YOUR OBJECTIVE :: Each line of the data must be given back verbatim, with pictures removed.

Records from a collection
-------

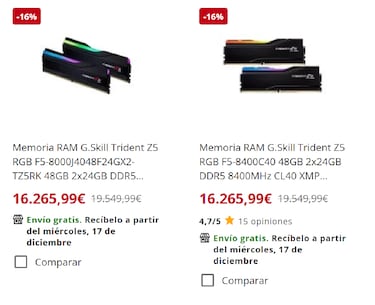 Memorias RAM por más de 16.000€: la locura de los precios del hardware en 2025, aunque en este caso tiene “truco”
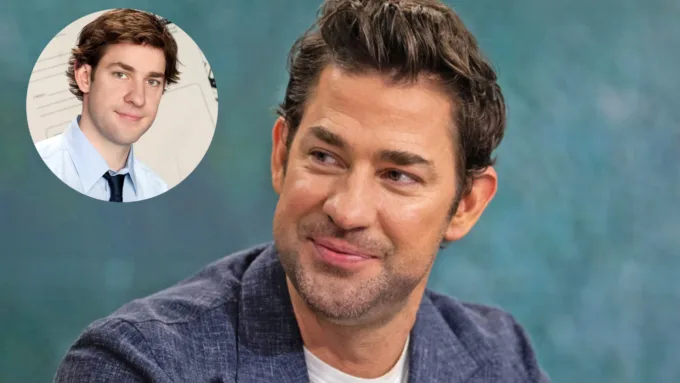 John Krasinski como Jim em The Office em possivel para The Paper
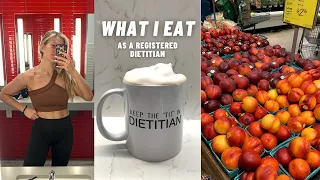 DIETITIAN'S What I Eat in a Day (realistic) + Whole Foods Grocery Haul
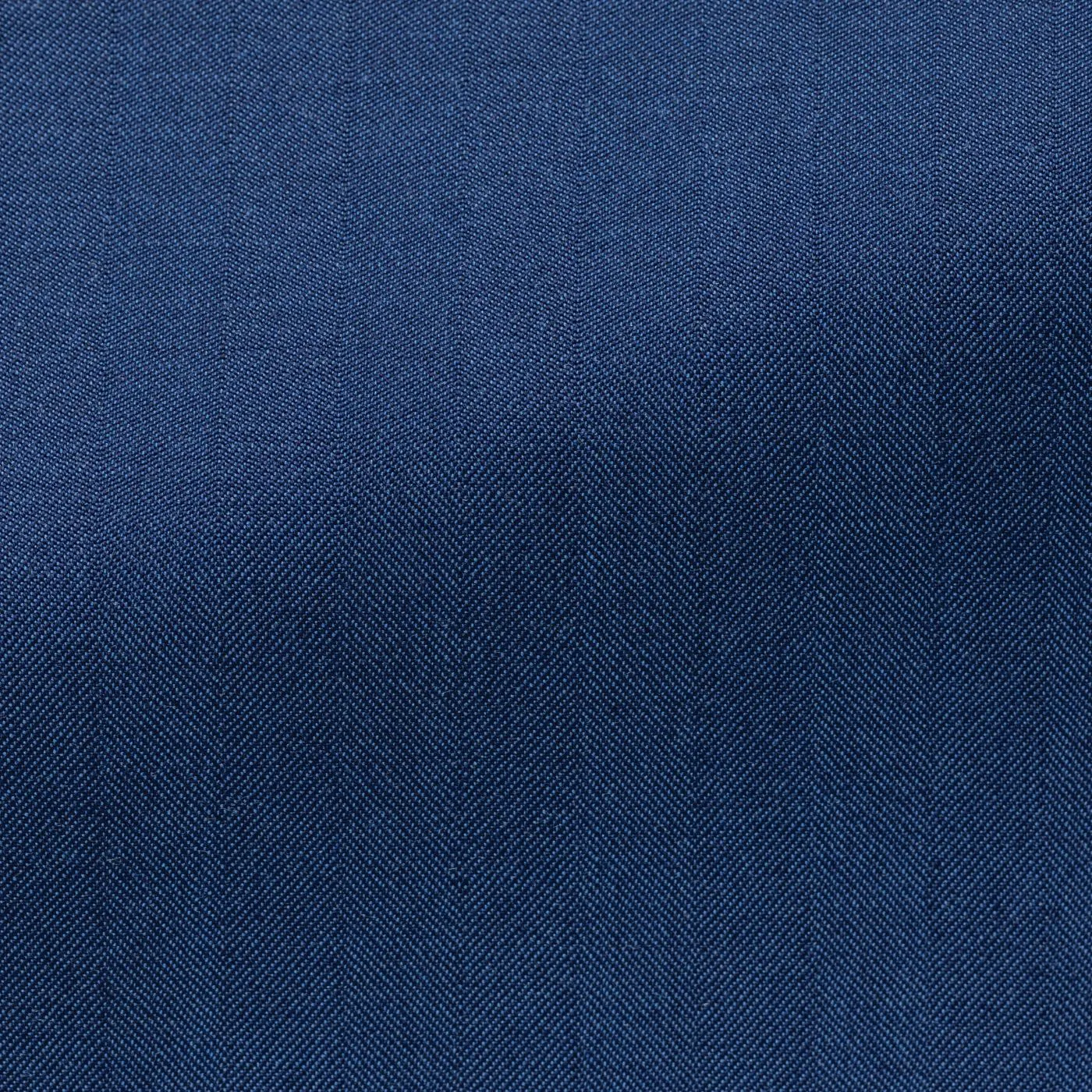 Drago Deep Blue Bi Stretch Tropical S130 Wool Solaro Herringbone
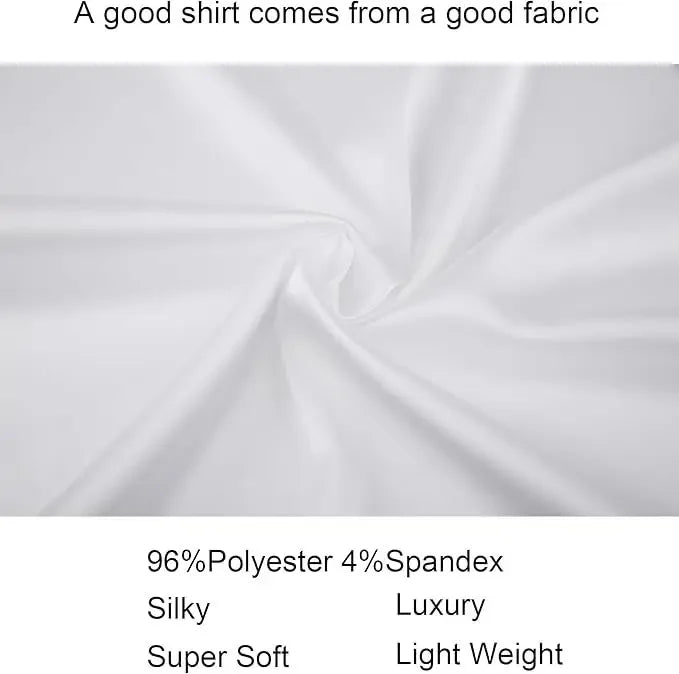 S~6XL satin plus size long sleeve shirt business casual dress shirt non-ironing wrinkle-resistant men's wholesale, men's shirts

-------

THE COMPLETED TASK ::
 Memorias RAM por más de 16.000€: la locura de los precios del hardware en 2025, aunque en este caso tiene “truco”
 John Krasinski como Jim em The Office em possivel para The Paper
 DIETITIAN'S What I Eat in a Day (realistic) + Whole Foods Grocery Haul
 Drago Deep Blue Bi Stretch Tropical S130 Wool Solaro Herringbone
 S~6XL satin plus size long sleeve shirt business casual dress shirt non-ironing wrinkle-resistant men's wholesale, men's shirts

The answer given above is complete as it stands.